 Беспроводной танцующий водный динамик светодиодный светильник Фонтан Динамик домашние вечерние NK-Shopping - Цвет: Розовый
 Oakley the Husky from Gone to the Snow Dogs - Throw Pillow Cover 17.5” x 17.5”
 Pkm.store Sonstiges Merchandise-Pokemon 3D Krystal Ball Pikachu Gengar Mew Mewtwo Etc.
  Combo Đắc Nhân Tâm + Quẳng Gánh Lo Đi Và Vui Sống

^^^^^^^^

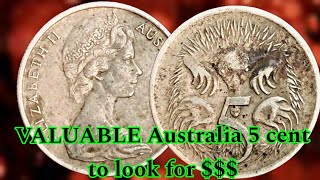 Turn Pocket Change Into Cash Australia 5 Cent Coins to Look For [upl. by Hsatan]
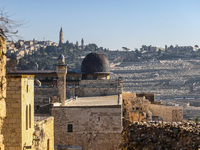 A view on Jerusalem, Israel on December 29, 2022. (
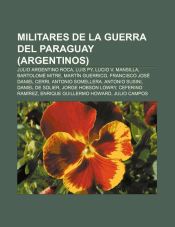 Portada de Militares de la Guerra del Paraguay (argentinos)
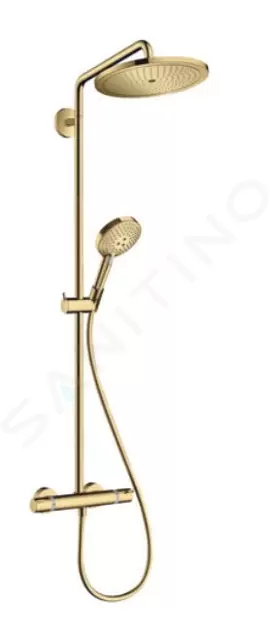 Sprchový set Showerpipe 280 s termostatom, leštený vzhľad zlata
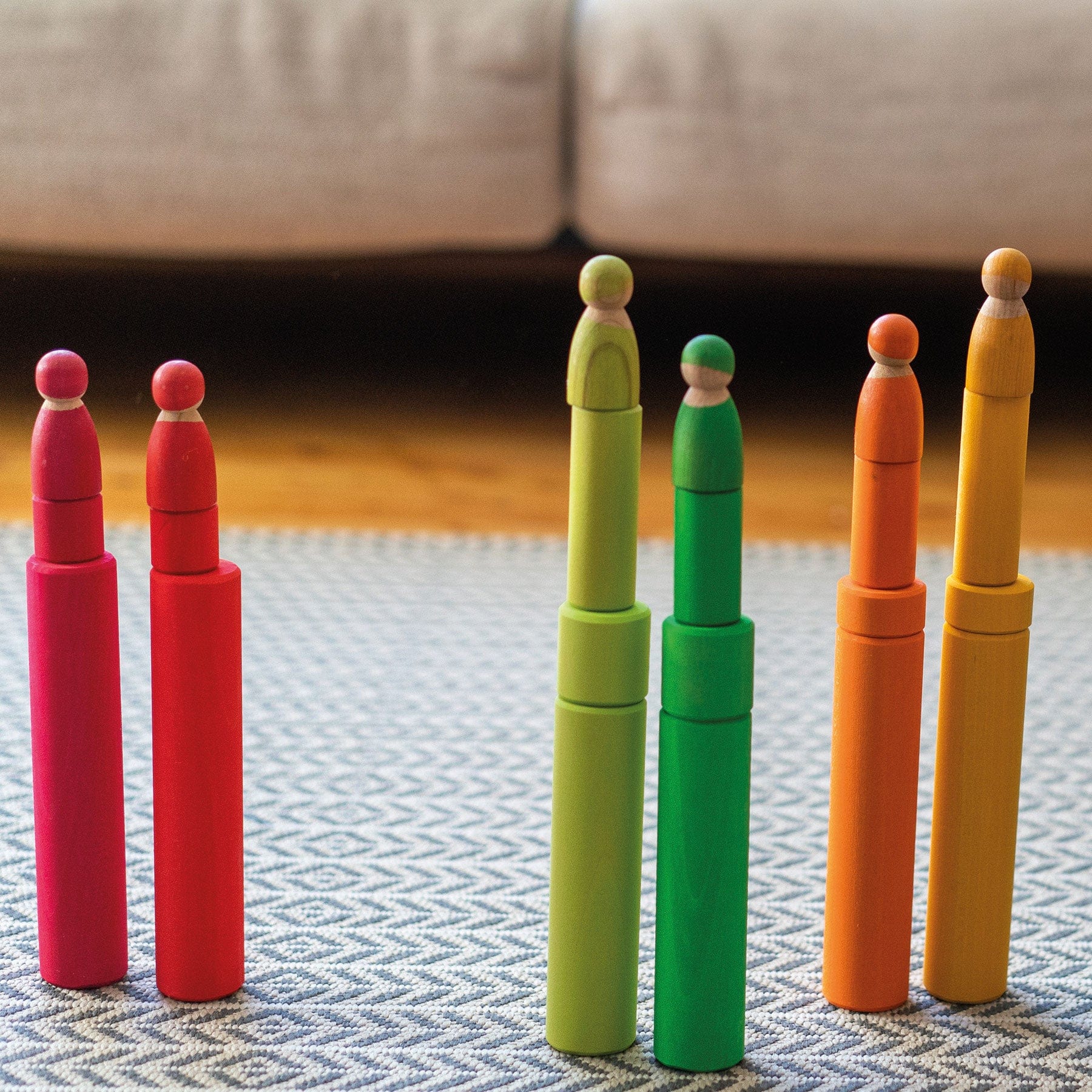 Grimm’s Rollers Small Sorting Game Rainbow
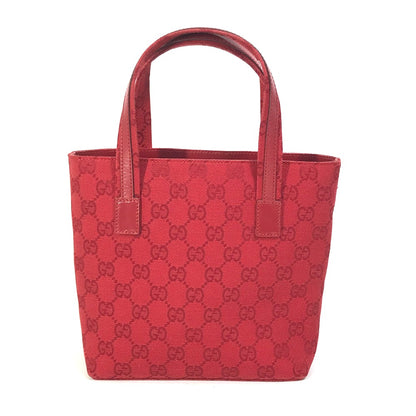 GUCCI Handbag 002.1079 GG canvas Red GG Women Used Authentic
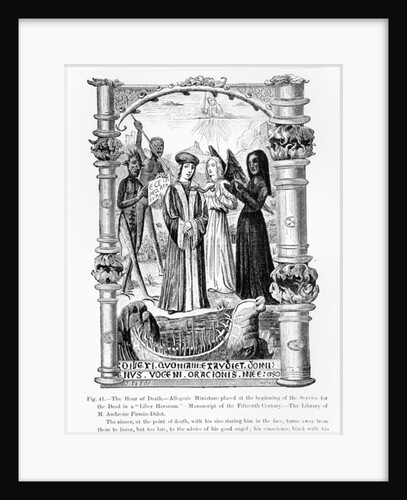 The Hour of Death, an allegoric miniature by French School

^^^^^^^^

--- WORK TO BE COMPLETED ---
The lines to copy exactly start with the line above that has "GUCCI Handbag 002.1079" and go on through the line that has "The Hour of"; please include both, add nothing else, and omit the pictures.

--- SOLUTION FOR THIS PROBLEM ---
 GUCCI Handbag 002.1079 GG canvas Red GG Women Used Authentic
 The Hour of Death, an allegoric miniature by French School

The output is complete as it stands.